Over one-third of workers switch industries during a job search. Over the last two years, nearly 34% of workers switched industries, according to survey of nearly 3,000 job seekers conducted quarterly by Challenger. The respondents range from mid-level to C-level professional in various industries nationwide.
“Changing careers is difficult and the farther you attempt to get away from your current profession, the more difficult it becomes. Making the switch from a teacher to a registered nurse or accountant, for example, would require a return to school and starting at the bottom rung of that profession’s career ladder,” said Challenger.
This type of dramatic career change tends to be more easily attainable for someone in the first five years of his or her career. For someone with 10-20 years, such a change becomes much more challenging.
For the mid- to late-career professionals, the key is to take the fundamental skills and experience you have gained and transfer them to another industry or another area within your chosen career.
“In the case of a teacher, for example, a master’s in education opens up a lot of opportunities beyond the traditional classroom setting. Regardless of the teacher’s subject area, through her education, training and experience, she has the fundamental tools necessary to teach. Those skills can be used to develop and/or deliver training material and programs to other teachers or to employees in a corporation, for example. They can be used in for-profit education firms that provide tutoring and other tailored education programs to young people who are either trying to catch up or get ahead. In addition to the core teaching fundamentals, many educators have strong writing, research, and oral communication skills. These soft skills are universally desired across industries,” said Challenger.
According to the Job Openings and Labor Turnover Survey (JOLTS), there were 62,000 quits in Educational Services in February, up from 39,000 in January.
For many professionals, it is difficult to determine where to begin the divergence from their current career path. A good place to start is by making a list of all of responsibilities and accomplishments.
“Ask yourself, what fundamental skills did it require to meet those responsibilities and achieve those accomplishments? Then write down some ideas on where you see yourself going. Figure out how your fundamental skills could apply to these new areas,” said Challenger.

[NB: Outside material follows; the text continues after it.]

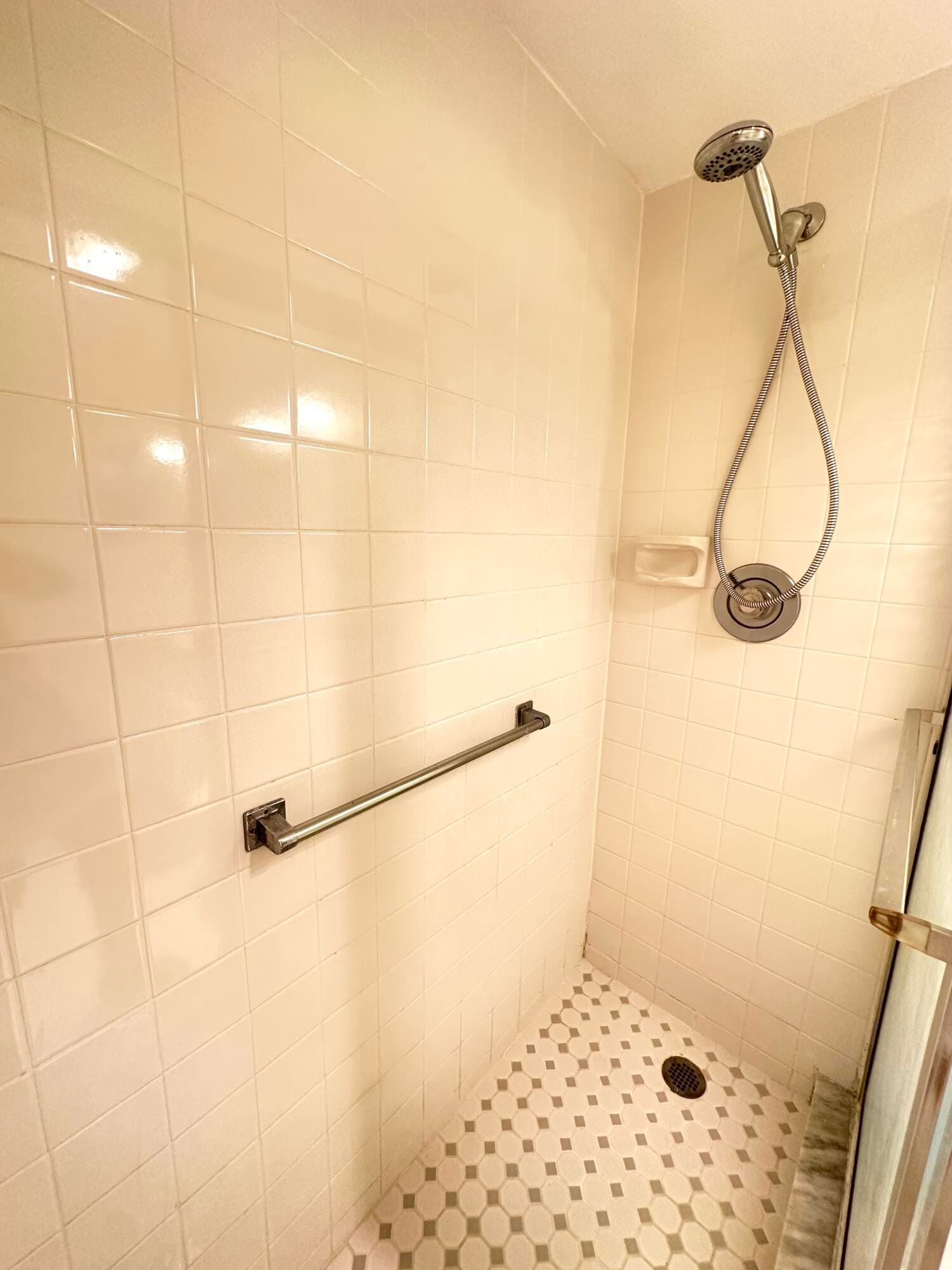 4007 Ellesmere A 4007, Deerfield Beach, FL 33442 photo 17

For some job seekers, a 180-degree career switch may seem attractive. Being released from a position may seem to afford the opportunity to "do what I've always wanted." However, jumping at jobs which are unrelated to what the individual has done cannot only be unreasonable but can ensure a long and disappointing job search. Such a job seeker is competing against others who are already experienced in that area.

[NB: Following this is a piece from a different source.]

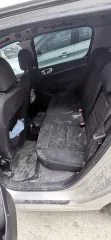 Peugeot 307, 2007 г.в., VIN: VF33CNFUL84954453, серый, 1.6 л (109 л.с.), экологический класс 4, хэтчбек. Авто битое в левую переднюю и заднюю части, после ДТП отремонтировано (по цвету краски видно, где был ремонт). Обшивка потолка демонтирована (отсырела и покрылась плесенью). Масло расходует на…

“From the employer's standpoint, there may be little contest between the job seeker who has the desired experience and the one who only has aspirations. The company seeking a sales manager is not likely to hire someone with the background of manufacturing manager to fill that position. Since any business is run with an eye toward obtaining people with the right skills, the job seeker's only real currency in the marketplace is based on his or her experience,” said Challenger.
“Switching industries may also come with a cut in pay, as the professional often needs to start toward the bottom of the ladder. That is why careful consideration of all options is required, and professionals must be able to articulate their skills that are compatible with a new industry,” said Challenger.
“Changing your career path or changing industries often takes a certain amount of creativity. You have to think about your skill sets from a new perspective and then consider all the different ways those skills can be applied to new and perhaps non-traditional areas. However, you cannot be so creative that prospective employers cannot imagine it. Remember, in the end, you have to be able to explain to employers why your skills and experience make you a good fit for their organization. If the connection does not make sense to them, then the job search will not be successful,” he added.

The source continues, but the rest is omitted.